Les étudiants d’attaque contre la réforme
Alors que les rideaux de fer sont baissés, une centaine d’étudiants se croisent, mardi, peu avant midi, à la faculté de Tolbiac (13e), annexe de l’université de Paris-I Panthéon-Sorbonne. Certains assistent à une conférence sur le thème « Comprendre l’effondrement de notre civilisation moderne. Introduction à la collapsologie. » D’autres s’apprêtent à organiser un atelier banderoles. Une jeune femme, elle, passe la serpillière. C’est son « tour » de ménage. La veille, un « blocage illimité » a été voté en assemblée générale. Depuis, l’auto-déclarée et autogérée « Commune libre de Tolbiac » s’organise, en attendant l’abandon de la loi sur les nouvelles modalités d’accès à l’université (la loi orientation et réussite des étudiants, ORE), considérée comme de la sélection par ses opposants. « Aujourd’hui [mercredi], nous allons tracter dans d’autres facs, notamment pour sensibiliser au blocage », détaille David, 19 ans, en première année d’économie-histoire. « Ce n’est que le début, promet Félix, qui suit le même cursus. Nous souhaitons une mobilisation totale et générale des étudiants mêlée au mouvement des cheminots. »
Comités, conférences...
« Fac occupée, fac vivante », affiche comme slogan la « Commune libre de Tolbiac ». De fait, outre des comités et des assemblées générales, des conférences sont organisées. Lundi soir, un débat entre les économistes Frédéric Lordon et Bernard Friot a eu lieu. Mais quid des cours? Ils « n’existent plus vraiment », indiquent David et Felix. « Le personnel administratif, les enseignants-chercheurs et les étudiants n’ont plus accès [à la fac], confirme Florian Michel, directeur du centre de Tolbiac.
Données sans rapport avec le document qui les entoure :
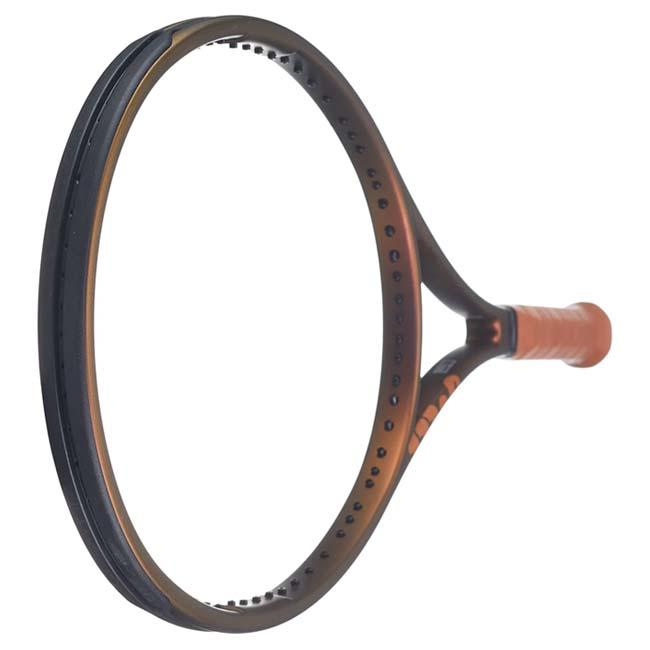 ウィルソン(Wilson) 2023 PRO STAFF X V14 プロスタッフ X V14 (315g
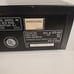 Denon DCD-660 CD Compact Disc Player Door Sticks Needs Repaired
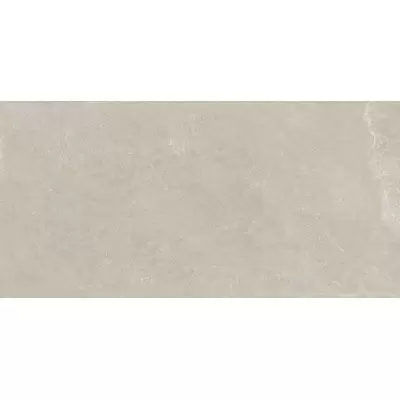 Monocibec Ceramiche Evolution 113589 Galaxy Naturale Rettificato 30x60
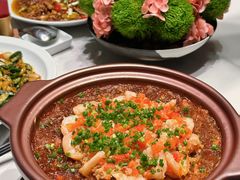 -南堂小馆·川菜馆(德商国际店)
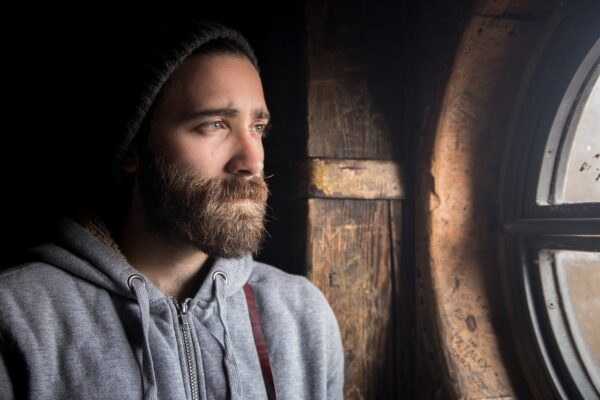 Boosting Men’s Fertility: Unlocking Secrets for Better Health and Fatherhood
L’enseignement se fait à distance. » Lucie précise que « certains professeurs mobilisés nous envoient les cours par mail ». La direction, elle, dit privilégier « le dialogue », « le discernement » et « la patience » et doit rencontrer les organisations étudiantes et professionnelles, « pour essayer de trouver une solution ». Elle a fermé mardi le site de Saint-Charles (Ecole des arts de la Sorbonne), « par précaution », et commence à voir comment organiser les examens censés se tenir début mai. « Les bons étudiants, eux, s’en sortiront, car ils bossent chez eux, à la bibliothèque. Finalement, la sélection, ce sont les étudiants grévistes qui la feront », condamne Florian Michel. Les intéressés se défendent, et assurent « développer du tutorat pour les élèves qui seraient pénalisés ».
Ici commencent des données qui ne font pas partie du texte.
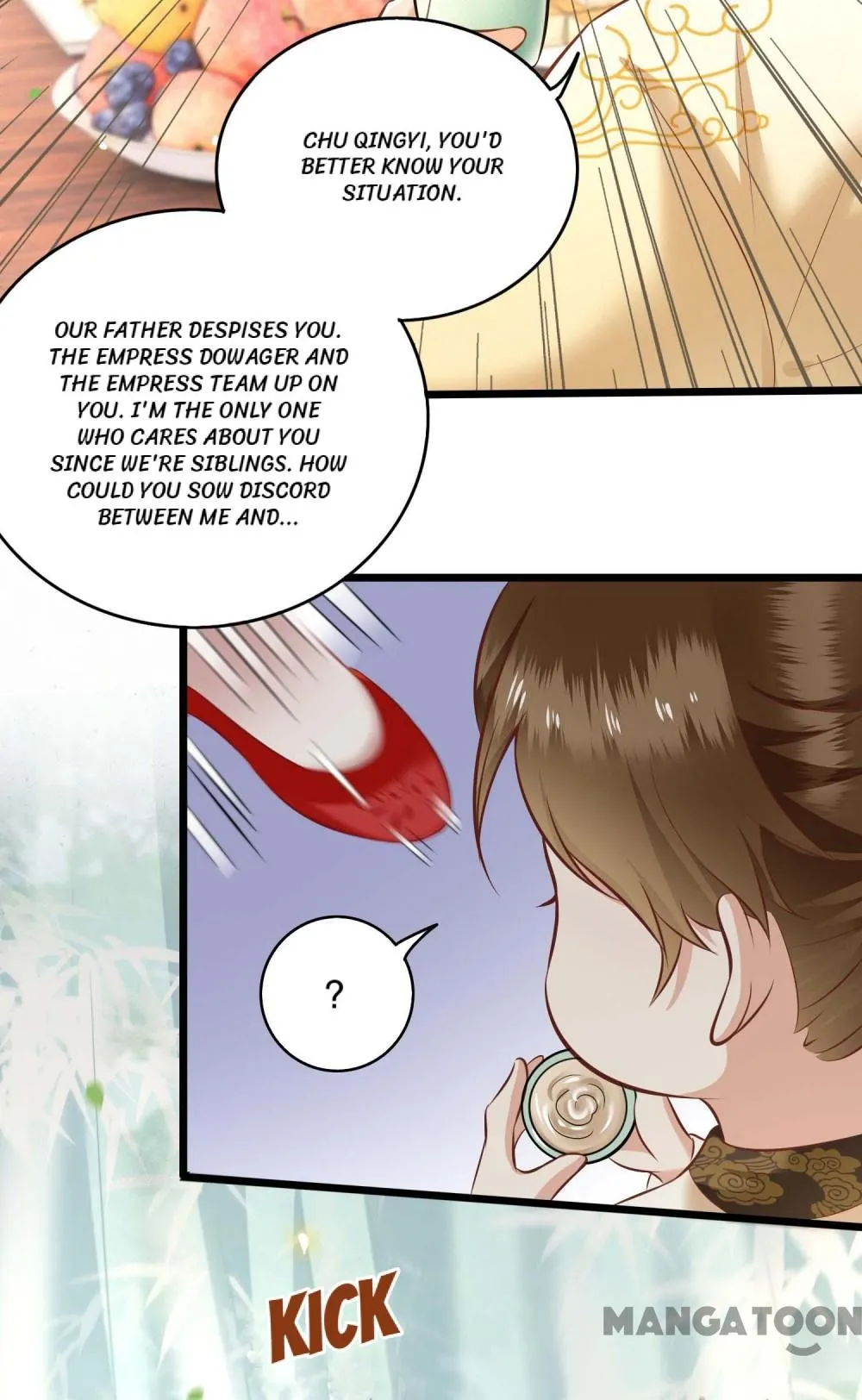 Page 10 of Chapter 17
D égradations à Grenoble, blocages à Paris… En quelques semaines, l’opposition à la loi sur les nouvelles modalités d’accès à l’enseignement supérieur a pris différentes formes. A la tête de la Conférence des présidents d’université (CPU), Gilles Roussel fait le point sur la situation pour 20 Minutes.
Craignez-vous que ce mouvement contestataire prenne de l’ampleur ?
Ce qui nous inquiète, ce n’est pas tant la montée de la contestation, que celle des violences. Comme celles qui se sont déroulées à la faculté de droit de Montpellier, ou qui ont concerné certains étudiants nantais (mercredi).
Comment les présidents d’université tentent-ils d’éviter que le clan des opposants à la loi Vidal et celui des autres étudiants ne s’affrontent ?
Tant que c’est lors d’assemblées générales et dans le cadre d’un débat d’idées, il n’y a pas à faire intervenir les forces de l’ordre. Mais nous devons veiller à assurer la sécurité des étudiants, ce qui n’est pas évident quand il y a plusieurs sites à gérer. Pour éviter que des personnes extérieures à l’université viennent en découdre, certains présidents d’université ont organisé des filtrages à l’entrée. Sur certains sites, les sacs sont aussi fouillés à l’entrée.
Les examens auront-ils lieu, comme prévu, début mai ?
Oui, car nous défendons le service public et les étudiants ne doivent pas être pénalisés par la contestation. Aucun examen n’est annulé pour l’heure, quitte à ce qu’ils soient organisés sur des sites, eux, non bloqués.
Certains étudiants demandent des notes minimales de 10/20 aux examens…
J’y suis opposé. Les universités délivrent des diplômes nationaux et l’on ne peut pas décider localement de valider des compétences par défaut. De plus, cette demande est totalement contradictoire avec l’idée d’un service public égal sur tout le territoire, que réclament pourtant certains étudiants contestataires.